As with most people who have life responsibilities such as family, work, friends, church, and of course personal self-recovery time, it’s easy to see how we can become over-worked, sometimes even to the point of exhaustion. I recently read the book The 4 Hour Work-Week, by Timothy Ferris. I felt as if I was working all the time and much too hard. The concepts that I learned from reading the book really resonated with me. It got me to thinking of ways in which I could streamline my life, and begin to work smarter, not harder.
We live in a world that stresses over-achievement. For many of us, we feel pressure to prove ourselves, prove that we have more going on than the next person. We think that we have to compete against others, to show that we are better some how. I’ve learned that you really don’t have to compete against anyone, all you have to do is create. Don’t compete, create. WOW, what an amazing concept. When I finally embraced that lesson, I was free, free in ways that I can’t even begin to put into words.

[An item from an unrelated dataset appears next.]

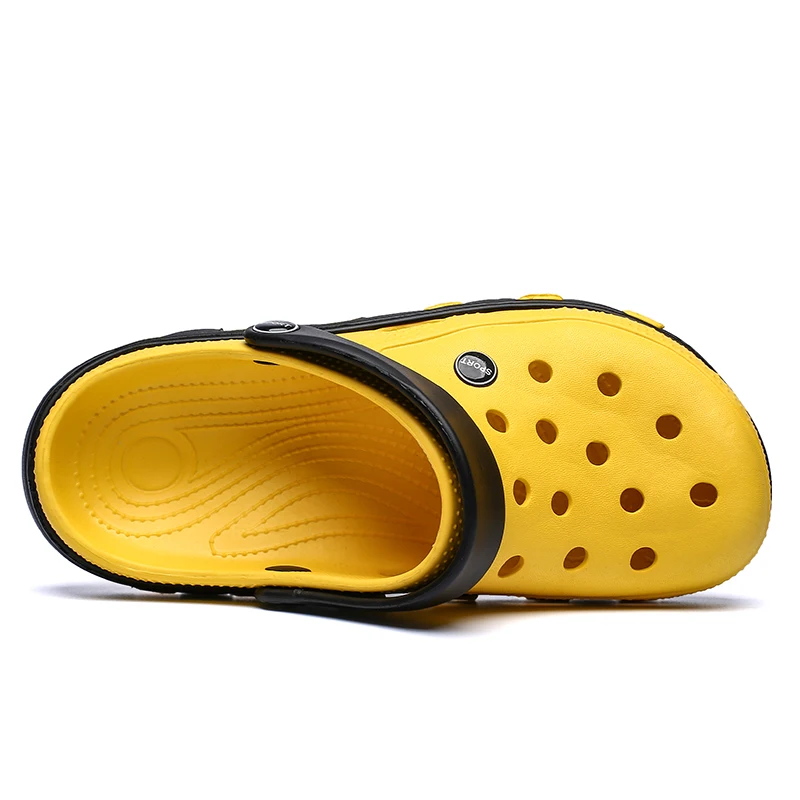 Summer Sandals Men's Breathable Outdoor Slippers Women's Non slip Water Wading Shoes Thick Outsole Fishing Surfing Beach Sandals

Here is what I’ve learned about working smarter. Some of these ideas are inspired by the book I mentioned, and some of them are lessons learned from my own experiences.
Sometimes we hold on to things that no longer serve a purpose. What things are you holding on to that you need to let go of? What weights are holding you down? Heaviness holds you back, causing you to exert more energy where you don’t need to, causing you to work harder than you have to. Begin to take inventory of your life, and start the process of letting go of those things that are no longer needed, so that you can make room for what really matters.
For those things that you know must get done, which of those activities can you delegate to someone else. As I write this I am reminded of a funny story. When I was a child, before we had remote controls for our t.v.’s, my grandmother would call me to change the channel when she wanted to watch something different. The funny part of that story is that she would call me from the back of the house, where I was playing, to change the channel, often times when she was sitting right in front of the television! I’m sure she didn’t know it at the time, but in her own way she taught me how to delegate responsibility. It was a funny way to learn this lesson, and I appreciate her for teaching me.
When life gets busy, learn to automate those activities that you tend to repeat over and over again. Begin to look at what you can put on auto-pilot. Set those activities so that they can be repeated over and over again, so that you are free to focus on other things. For example, I usually plan my week the weekend before. I write many of my blogs over the weekend, and then I schedule them to be published throughout the week. Also, when I teach online I sometimes record it, and I make it available to be downloaded over and over again for future use. This frees up my time to focus on other aspects of my business, while making the same information I shared available to even more people.
If you’re like me, you consider your time to be precious. I’ve learned to invest, and not waste my time, so that I can be more available to the people I love, and more effective for the clients I serve.
Think about your daily and weekly routine. Identify what activities you do over and over again, that perhaps if you automated them, your time could be freed up to focus on other things.